# FORD 3000 Steering stiff



## Mickthebrick (Jul 1, 2020)

Hi all, I'm a newbie, I've just bought a Ford 3000 narrow tractor that has primarily very stiff manual steering (and other problems not too concerning as yet!) I got the tractor into my orchard and that's as far as I dare take it, could somebody advise me how to loosen the steering so that I can get it under cover to start repairs (I've greased the nipples adjacent to the front wheels).
Many thanks
retired ex brickie and proud owner a very old and needy Ford 3000
mickthebrick


----------



## SoldierJohn (Jun 11, 2020)

Hi Mick,

I'm a new owner of a Ford 3000 too and also have manual steering thats very stiff.
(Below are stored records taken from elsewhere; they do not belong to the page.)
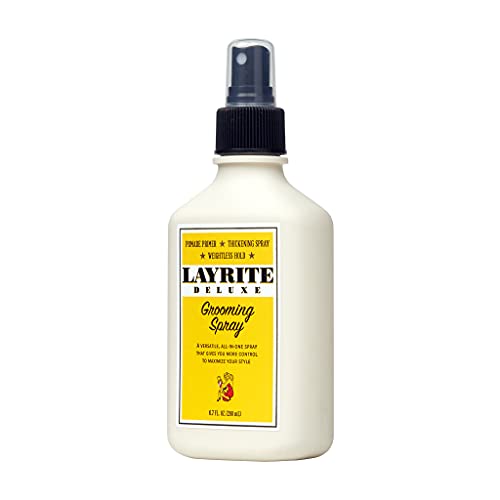 Layrite Grooming Spray: aplicación en el cabello para volumen ligero y control.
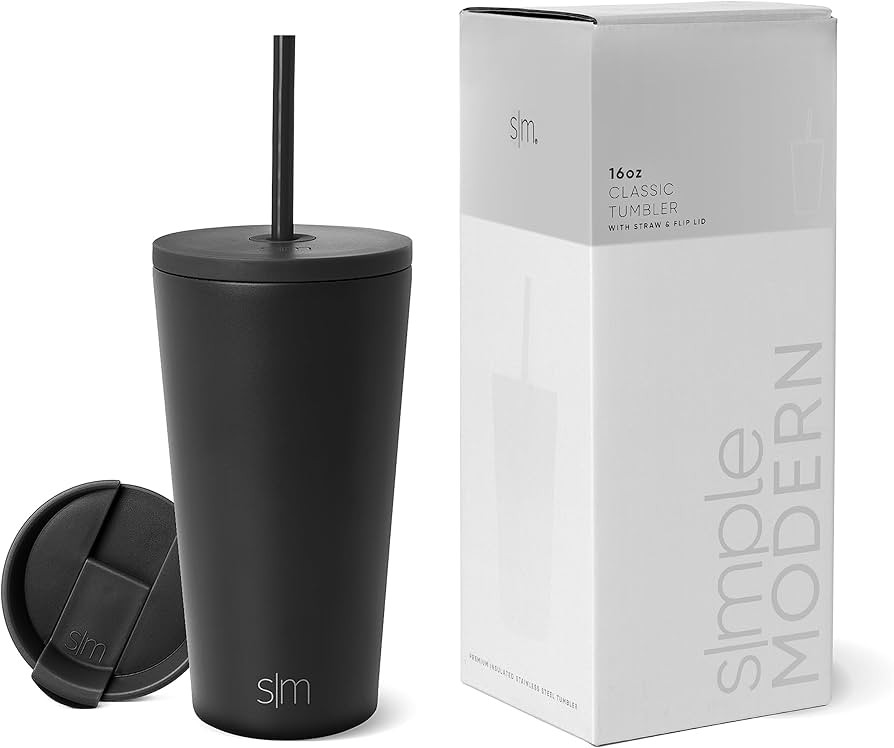 Simple Modern Insulated Tumbler with Lid and Straw | Iced Coffee Cup Reusable Stainless Steel Wat... | Amazon (US)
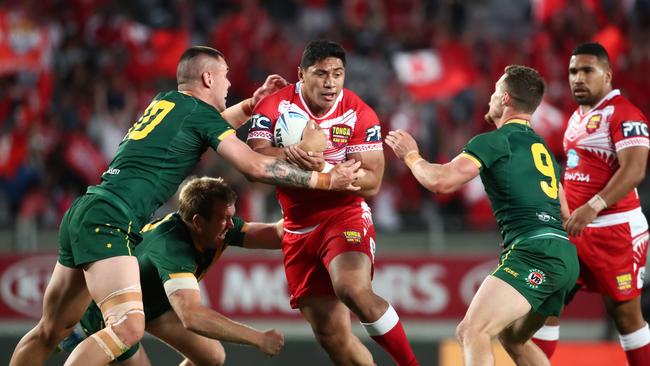 Jason Taumalolo during Tonga’s historic win over the Kangaroos. Picture: Fiona Goodall/Getty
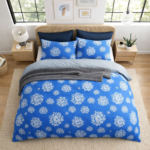 Blue Saffron Floral Printed 210 Tc Cotton Queen size Bedsheet with 2 Pillow covers |by Home Collective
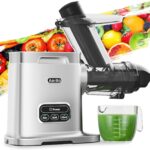Aeitto Cold Press Juicer Machines, 3.6 Inch Wide Chute, Large Capacity, High Juice Yield, 2 Masticating Juicer Modes, Easy to Clean Slow Juicer for Vegetable and Fruit, Silver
Ill be watching this post to see if anyone answers it. 

I'm thinking mine is a number of small things all lumped together causing it, ie worn steering box, worn spindle bushes, worn hub bearings and ball joints etc. 

Best wishes

John


----------



## Ultradog (Feb 27, 2005)

The manual steering systems on those Fords is incredibly simple.
Take it one piece at a time.
Lift the front wheels off the ground. How does it steer now?
If it is still stiff disconnect the drag links on the front end.
Does the steering wheel turn easily and smoothly?
With the drag links disconnected and front tires off the ground, turn each tire by hand. They should turn smoothly and easily.
There is no magic bullet.
Just take it one piece at a time and you'll find the problem.


----------



## HarveyW (Sep 15, 2014)

Steering gearbox lubrication for your 3000. See plug #35 on diagram below. Oil level plug. Put gear oil (80-90 weight) into the steering gearbox till full to this level.
https://www.messicks.com/nh/67519?sectionId=21639&diagramId=67519_258795

Spindle lubrication for your 3000. See grease nipple (zerk) item #35 on the diagram below:
https://www.messicks.com/nh/67519?sectionId=21639&diagramId=67519_258496


----------